• How to complete this task:
Copy each line of the listing below exactly and drop the images.
[Opening Input data section]
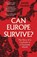 Can Europe Survive?, David Marsh - Paperback - 9780300306309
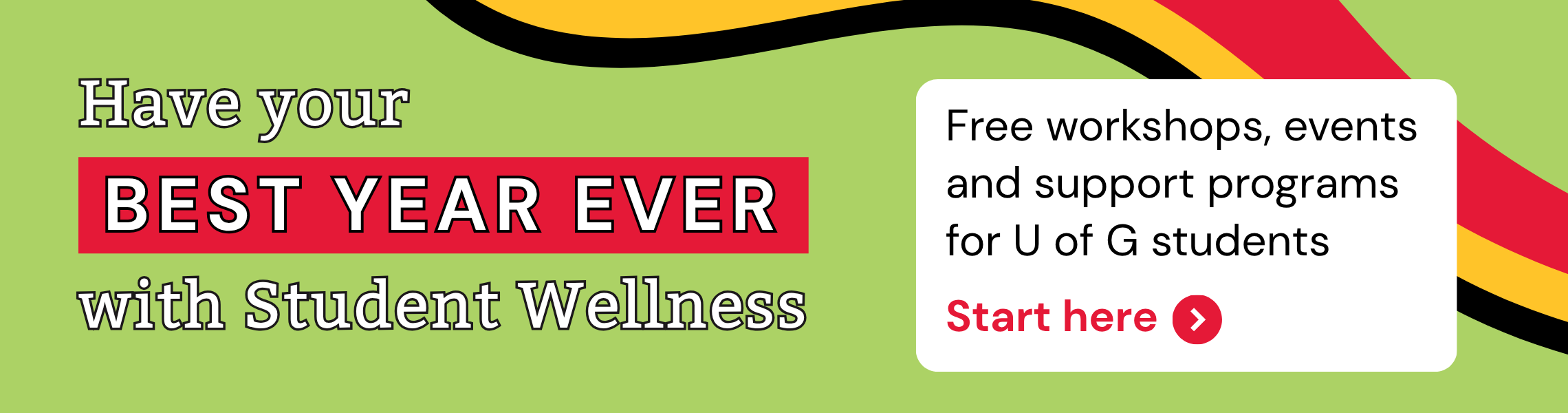 Free workshops, events and support programs for U of G students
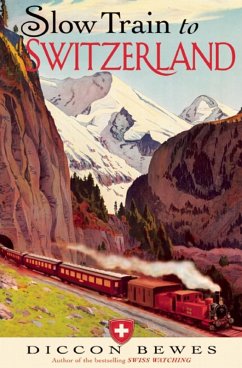 Slow Train to Switzerland (eBook, ePUB) - Bewes, Diccon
[Closing Input data section]
• Solution for this problem:
 Can Europe Survive?, David Marsh - Paperback - 9780300306309
 Free workshops, events and support programs for U of G students
 Slow Train to Switzerland (eBook, ePUB) - Bewes, Diccon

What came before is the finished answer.